WHAT TO WORK ON: Pictures appear among the records below and must be omitted. Repeat exactly the lines from the line with "Childhood Friend Complex chapter 55 page 10" to the line with "Купить Geely Tugella, 2021, 34", both included.

DATA SHOWN:
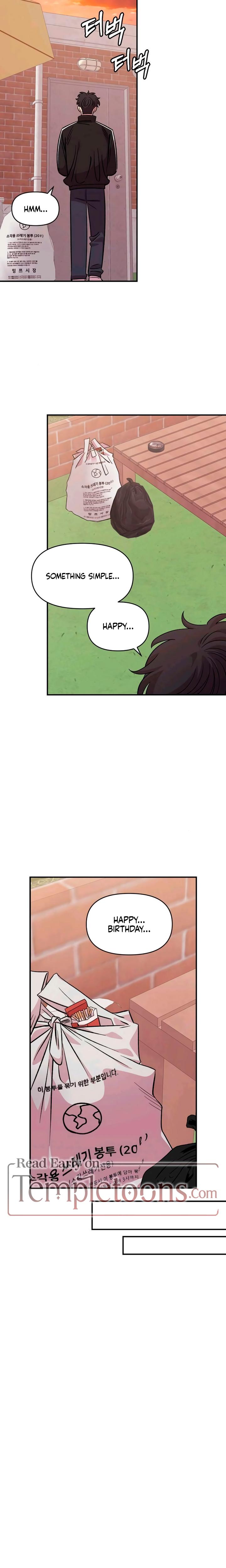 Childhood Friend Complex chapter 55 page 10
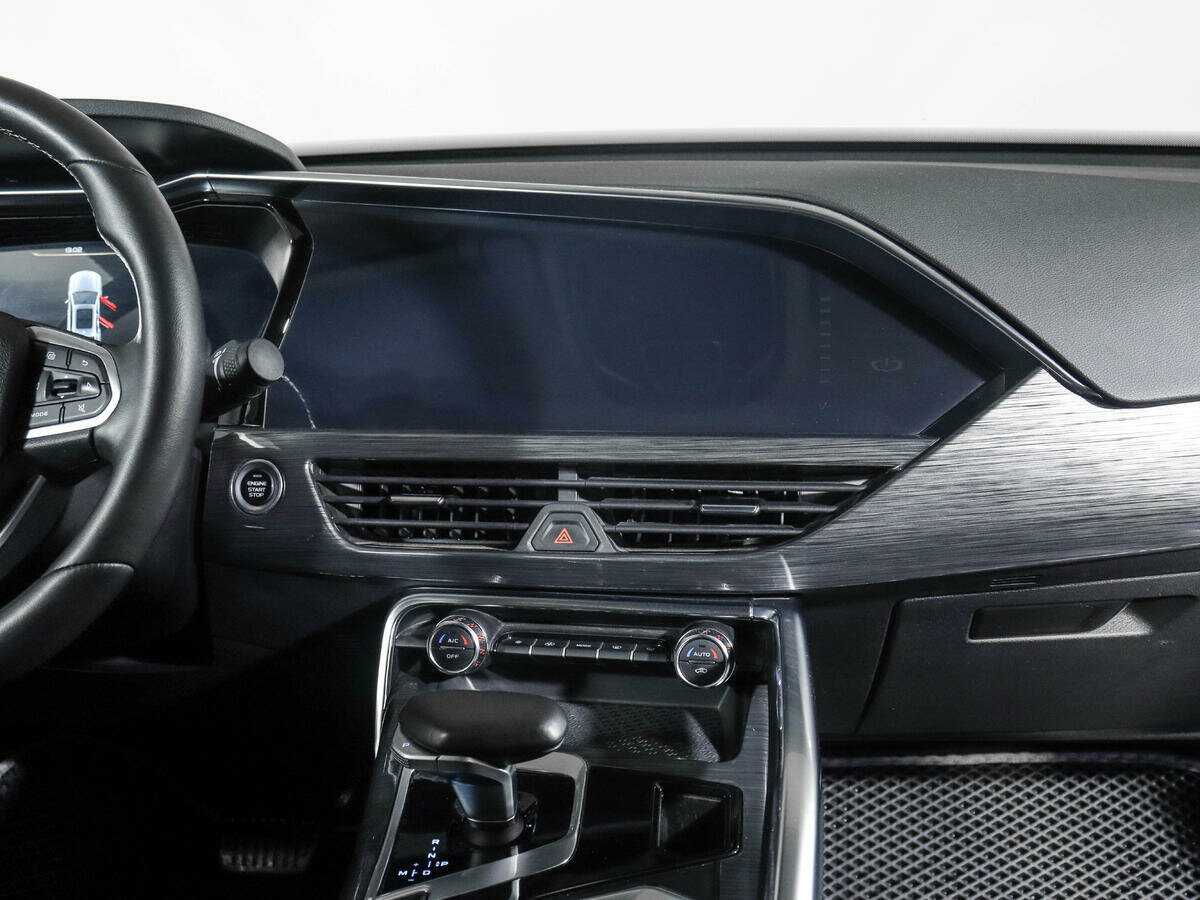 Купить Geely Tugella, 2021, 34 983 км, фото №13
--
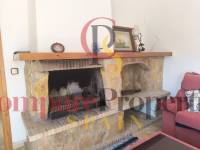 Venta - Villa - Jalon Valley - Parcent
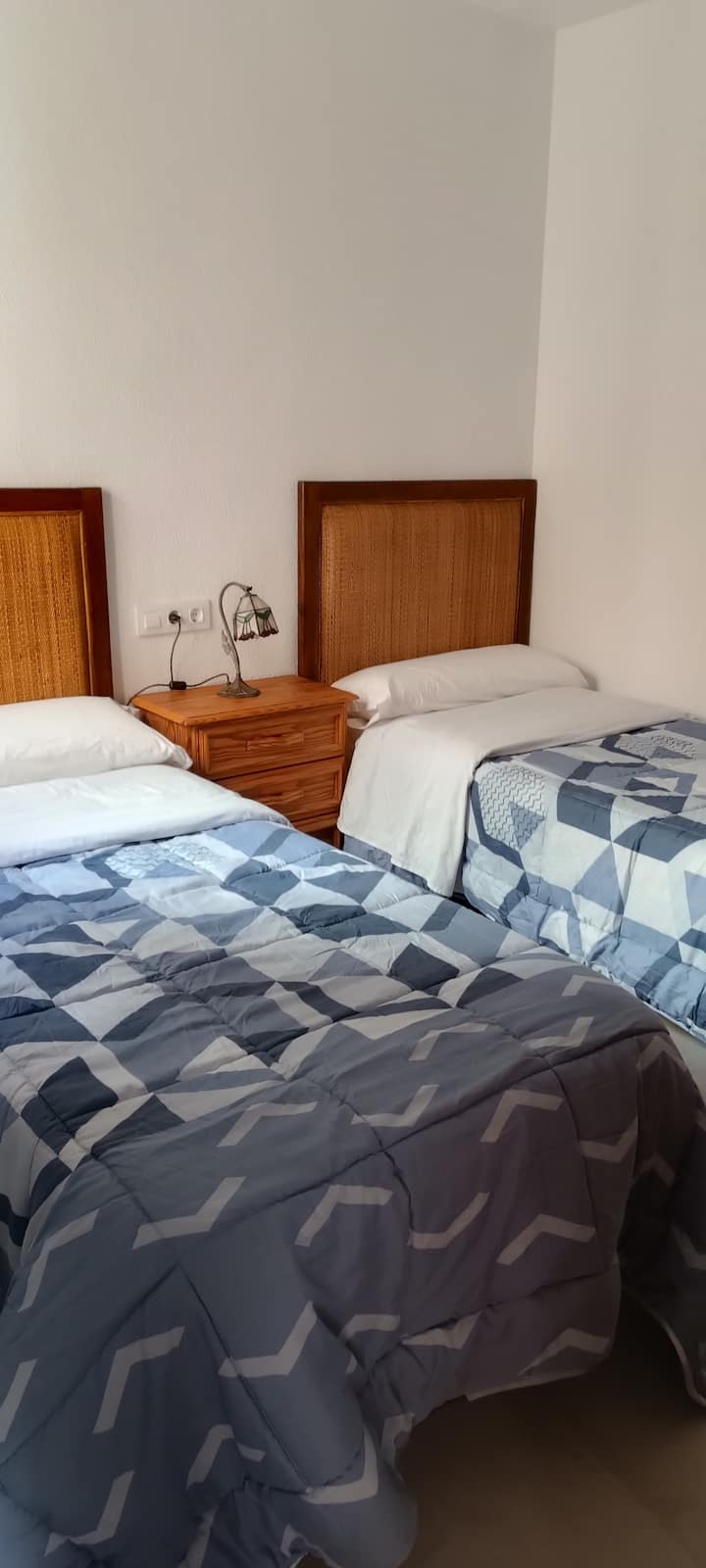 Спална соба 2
---
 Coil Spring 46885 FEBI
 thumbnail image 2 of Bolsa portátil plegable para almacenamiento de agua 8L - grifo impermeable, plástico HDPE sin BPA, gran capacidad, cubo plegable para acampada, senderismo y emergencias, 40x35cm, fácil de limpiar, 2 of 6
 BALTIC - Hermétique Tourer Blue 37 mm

RESPONSE:
 Childhood Friend Complex chapter 55 page 10
 Купить Geely Tugella, 2021, 34 983 км, фото №13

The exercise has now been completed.